Bruxelles s’érige en gardien des droits fondamentaux

Le gouvernement hongrois s’est dit prêt à amender la loi controversée sur les médias, si Bruxelles estime qu’elle viole le droit communautaire. Les modifications porteraient notamment sur les aspects les plus contestés de la loi, comme l’exigence d’une "couverture équilibrée" de l’information par les médias, ainsi que la possibilité pour le gouvernement de sanctionner également les médias étrangers. L’annonce fait suite à un échange de lettres entre la commissaire européenne à l’Agenda numérique Neelie Kroes et le vice-Premier ministre hongrois Tibor Navracsics.
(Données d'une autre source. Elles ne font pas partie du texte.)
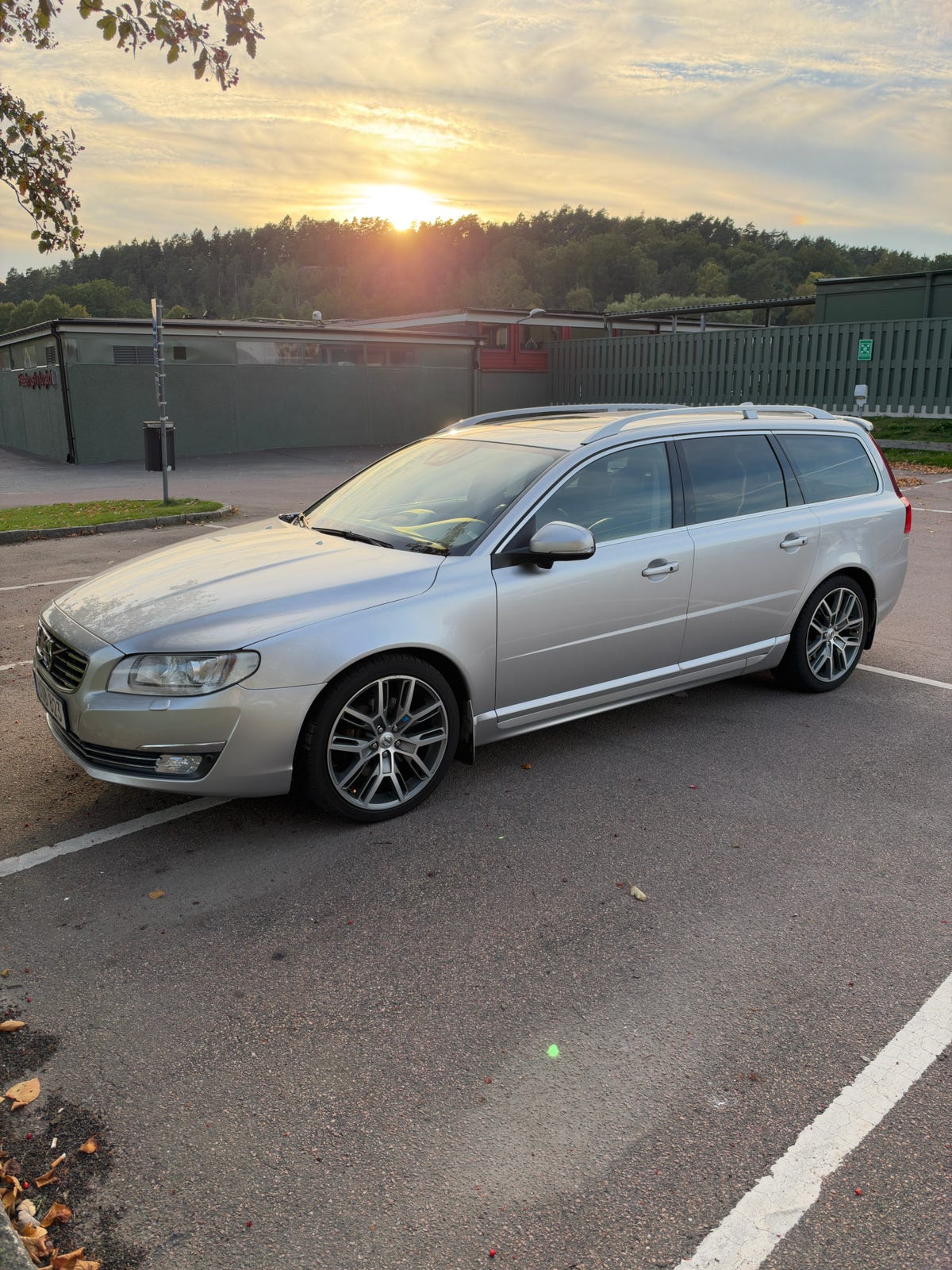 Volvo V70 2015 – bild 1 av 13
Peu après le vote de la loi, Mme Kroes avait fait part de ses doutes quant à la compatibilité du texte avec la directive européenne sur les médias et avec les libertés fondamentales, comme la liberté d’expression et de la presse. "Faute de réponse satisfaisante, la commissaire", note Dagens Nyheter, "avait menacé d’entamer une procédure pouvant se terminer devant la Cour européenne de justice". Le quotidien suédois souligne le caractère exceptionnel de cette menace, car "jamais auparavant la Commission ne s’était engagée dans une procédure vis-à-vis d’un pays membre pour violations de la liberté d’expression". L’initiative de Neelie Kroes démontre toutefois également "à quel point la protection des droits de l’homme est encore faible au sein de l’UE, car la Charte des droits fondamentaux ne s’applique aux Etats membres que pour les mesures relevant du droit communautaire".